▸ WHAT YOU WILL DO
Transcribe every record exactly, omitting none.

Collected data:
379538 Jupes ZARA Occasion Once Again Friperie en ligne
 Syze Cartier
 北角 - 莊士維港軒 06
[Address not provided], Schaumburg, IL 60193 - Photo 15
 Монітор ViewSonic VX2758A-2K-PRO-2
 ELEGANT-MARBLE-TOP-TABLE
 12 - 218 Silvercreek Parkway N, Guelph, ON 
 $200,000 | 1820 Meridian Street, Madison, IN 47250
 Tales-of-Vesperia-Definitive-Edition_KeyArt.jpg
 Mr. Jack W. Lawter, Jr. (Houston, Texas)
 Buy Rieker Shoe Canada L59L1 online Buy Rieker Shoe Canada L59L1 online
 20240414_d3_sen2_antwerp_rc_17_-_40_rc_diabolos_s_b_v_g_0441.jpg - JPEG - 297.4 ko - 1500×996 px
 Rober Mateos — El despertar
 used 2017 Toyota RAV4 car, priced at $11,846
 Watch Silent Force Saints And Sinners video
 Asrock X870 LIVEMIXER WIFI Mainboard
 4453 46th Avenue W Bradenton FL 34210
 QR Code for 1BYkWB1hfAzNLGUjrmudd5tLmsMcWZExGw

▸ ANSWER BOX
379538 Jupes ZARA Occasion Once Again Friperie en ligne
 Syze Cartier
 北角 - 莊士維港軒 06
[Address not provided], Schaumburg, IL 60193 - Photo 15
 Монітор ViewSonic VX2758A-2K-PRO-2
 ELEGANT-MARBLE-TOP-TABLE
 12 - 218 Silvercreek Parkway N, Guelph, ON 
 $200,000 | 1820 Meridian Street, Madison, IN 47250
 Tales-of-Vesperia-Definitive-Edition_KeyArt.jpg
 Mr. Jack W. Lawter, Jr. (Houston, Texas)
 Buy Rieker Shoe Canada L59L1 online Buy Rieker Shoe Canada L59L1 online
 20240414_d3_sen2_antwerp_rc_17_-_40_rc_diabolos_s_b_v_g_0441.jpg - JPEG - 297.4 ko - 1500×996 px
 Rober Mateos — El despertar
 used 2017 Toyota RAV4 car, priced at $11,846
 Watch Silent Force Saints And Sinners video
 Asrock X870 LIVEMIXER WIFI Mainboard
 4453 46th Avenue W Bradenton FL 34210
 QR Code for 1BYkWB1hfAzNLGUjrmudd5tLmsMcWZExGw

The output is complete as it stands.